La signature Gondry doit, ici, beaucoup à la collaboration avec l’islandaise, qui a été l’une des premières à lui donner la réalisation d’un clip "majeur", notamment au regard de son budget. Libéré du cahier des charges imposé par les maisons de disques, Gondry entame une intime et fidèle collaboration avec la musicienne. Une collaboration d’autant plus étroite que l’écriture se fait en duo, en jonglant avec leurs cultures, leurs obsessions... Ils ont ainsi donné naissance à la trilogie Human Behaviour - Isobel - Bachelorette, à la manière des sagas traditionnelles islandaises.

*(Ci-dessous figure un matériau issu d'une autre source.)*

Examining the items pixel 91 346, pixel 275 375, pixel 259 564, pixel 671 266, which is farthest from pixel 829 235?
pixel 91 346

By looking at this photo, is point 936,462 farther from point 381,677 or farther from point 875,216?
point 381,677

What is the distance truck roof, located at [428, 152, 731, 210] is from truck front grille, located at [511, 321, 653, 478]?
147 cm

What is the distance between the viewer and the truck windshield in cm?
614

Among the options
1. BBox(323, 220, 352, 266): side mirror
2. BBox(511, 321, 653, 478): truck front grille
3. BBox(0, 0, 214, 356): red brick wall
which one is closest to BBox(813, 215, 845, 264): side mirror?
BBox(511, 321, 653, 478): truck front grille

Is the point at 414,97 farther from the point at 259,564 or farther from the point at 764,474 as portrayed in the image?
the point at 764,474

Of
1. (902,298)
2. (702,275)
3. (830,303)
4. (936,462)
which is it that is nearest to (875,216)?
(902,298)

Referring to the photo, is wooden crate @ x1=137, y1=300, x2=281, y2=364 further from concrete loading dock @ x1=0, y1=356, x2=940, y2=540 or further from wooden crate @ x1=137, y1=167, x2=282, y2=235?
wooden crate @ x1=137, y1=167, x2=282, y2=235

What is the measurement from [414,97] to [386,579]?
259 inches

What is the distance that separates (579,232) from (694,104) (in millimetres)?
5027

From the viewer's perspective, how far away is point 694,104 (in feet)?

Björk doit évidemment beaucoup à l’univers décalé et innovant du réalisateur qui a su retranscrire en images la singularité de sa musique.

Octobre 2007, nouvelle collaboration avec Björk avec le clip du titre explosif Declare Independence, et en 2011 Michel GOndry signe le clip de Crystalline.

Une carrière prolifique et internationale

Gondry compte environ 70 clips à son actif pour des artistes comme les White Stripes, les Chemical Brothers, les Rolling Stones, Massive Attack, Radiohead ou encore Devendra Banhart.

En 2003 est publié The Work of Director Michel Gondry, un DVD qui regroupe une sélection de ses clips de 1987 à 2003. Ce DVD est l’un des sept volumes de la collection Director’s Label, label créé avec deux clippeurs « concurrents » issus de la même génération mais néanmoins amis Spike Jonze et Chris Cunningham.

La publicité

À ce jour, il a réalisé une trentaine de spots pour des marques comme, Air France, Nike, Smirnoff ou EDF.
Ses travaux publicitaires vont lui valoir de nombreux prix. Notamment en 1994 où il reçoit le Lion d’Or à Cannes pour la pub Levi’s Drugstore. Le spot pour Smirnoff , et d’autres encore, seront aussi primés.
Il devient rapidement l’un des vidéastes les plus prisés par les musiciens et les publicitaires.


le saut vers le grand écran

Il avait déjà eu l’occasion de « s’entraîner » en réalisant plusieurs court métrages comme La lettre (1998) ou Three Dead People (date inconnue).

En 2001, il réalise son premier film Human Nature écrit par Charlie Kaufman à qui l’on doit notamment Dans la Peau de John Malkovich . Ce premier essai est un échec tant commercial que critique.
Sa seconde tentative va connaître un sort plus enviable. Eternal Sunshine of the Spotless mind (co-écrit par Charlie Kaufman et Michel Gondry) sortie en 2004 est un succès. La presse est globalement enthousiaste et le public est au rendez-vous. Ce second film lui permet de décrocher l’oscar du meilleur scénario.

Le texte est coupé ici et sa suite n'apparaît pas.